Natasha and Sam find him there, not fifteen minutes later.

"Rogers," she starts, niceties forgotten. "What is going on?"

"Nothing. We won. We get to go home."

"What was that just now?"

"I don't want the arm."

"Why the hell not?"

Steve stares at nothing in the distance, tries to get lost in the roar of the waterfall. "It's too much."

"Too much?" Sam asks, and Steve, even with his back turned, knows he is exchanging looks with Natasha.

"I'll learn to do without. It's no big deal."

"It kind of is."

"It looks like his," Steve admits eventually, when the silence in the shadow of the roar gets too much. "I don't want to look down and see Bucky's hand."

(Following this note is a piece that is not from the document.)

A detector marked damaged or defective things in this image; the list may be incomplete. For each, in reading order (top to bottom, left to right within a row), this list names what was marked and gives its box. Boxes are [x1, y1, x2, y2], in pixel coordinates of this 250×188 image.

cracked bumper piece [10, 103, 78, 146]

"It's… not his hand, you know that, right?" Sam is weighing each word carefully, like he's not sure where the question should take him. "Or anyone's. It's completely new."

"Close enough."

"Fine, we'll get you another one. It will take some time, but—"

"I don't want a prosthetic at all."

Sam falls silent, audibly so. "What the hell," he whispers to Natasha, and then to Steve he adds, "Since when do prosthetics bother you?"

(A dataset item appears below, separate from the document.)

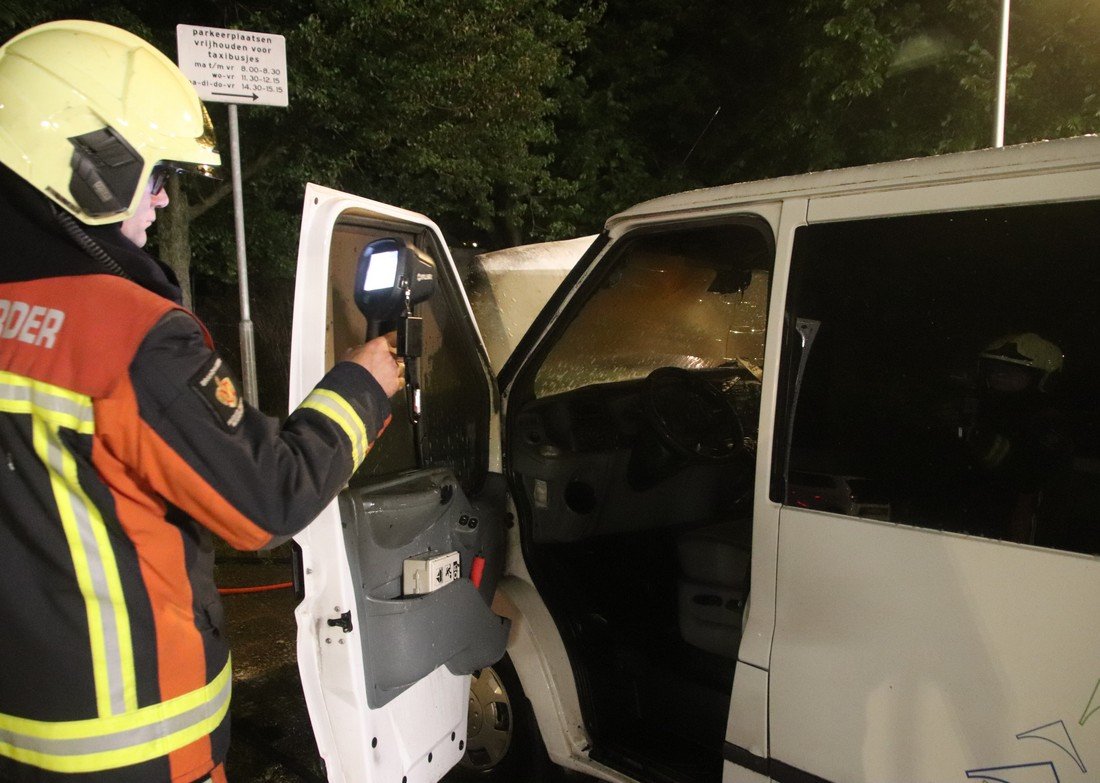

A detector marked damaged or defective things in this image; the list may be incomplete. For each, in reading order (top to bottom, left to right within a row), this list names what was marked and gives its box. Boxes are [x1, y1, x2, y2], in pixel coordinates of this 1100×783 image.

"It feels more appropriate."

"No argument, man, but how do you figure? No offence, I'm sure you're not helpless with just one, but you won't exactly be of much use in a fight."

"I'm done fighting," Steve says. And he is. It is final. He's known this before, known what it's like to lose a part of himself to war, and the solution turned out not to be finding more wars to fight. Anyone ever banking on his intelligence should hold the time it took him to realize this against him, and now that he did, he wants to remember that, forever. Bucky knew it all along, and finally, at long last, Steve thinks he, too, understands. The metal arm had been forced on Bucky: he kept it, made it a part of him. Making it not a weapon, but a part of his body, was an act of defiance. Steve will do likewise with the absence of his own.

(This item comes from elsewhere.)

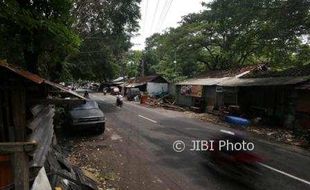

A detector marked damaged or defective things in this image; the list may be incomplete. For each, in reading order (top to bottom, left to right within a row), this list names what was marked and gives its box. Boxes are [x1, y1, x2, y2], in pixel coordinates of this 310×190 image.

damaged structure [0, 60, 97, 190]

"Right..." Sam says, and it's more than a touch skeptical. "What brought this on, really?"

Steve turns, annoyed. "You have to ask? I lost him, all over again. I had him back, and now he's gone, to this genocidal maniac. What the hell do you expect me to do now? Put the suit back on, pretend everything is fine? I tried that once: nothing was fucking fine, and everything was falling apart at the seams. Excuse me, if I don't want to go through that again."

"You had him back?" Sam asks with his eyebrow raised way too high for Steve's liking, and for once Steve allows himself to be angered by the insinuation.

"You could stand to be less of a dick, you know? I know you didn't get along, I respect that you didn't meet in the greatest of circumstances, you don't have to like him, but he is my best fucking friend, so take a step back!"

"Rogers, I have literally no idea what you're talking about," Sam says, hands in the air. "I didn't get along with whom, exactly?"

Steve stares at him, searching for any kind of clue this is a piss-poor joke. "What?"

"I mean I am not an idiot, I get that this is about Bucky, but also it kind of makes no sense if it is about Bucky, so... not really?"

"What the hell do you mean, not really?!"

"Steve," Natasha says, her eyes darting between him and Sam. "James died on the hellicarrier, during Project Insight, two years ago. They fished his body out of the Potomac after everything quieted down. The Winter Soldier killed him."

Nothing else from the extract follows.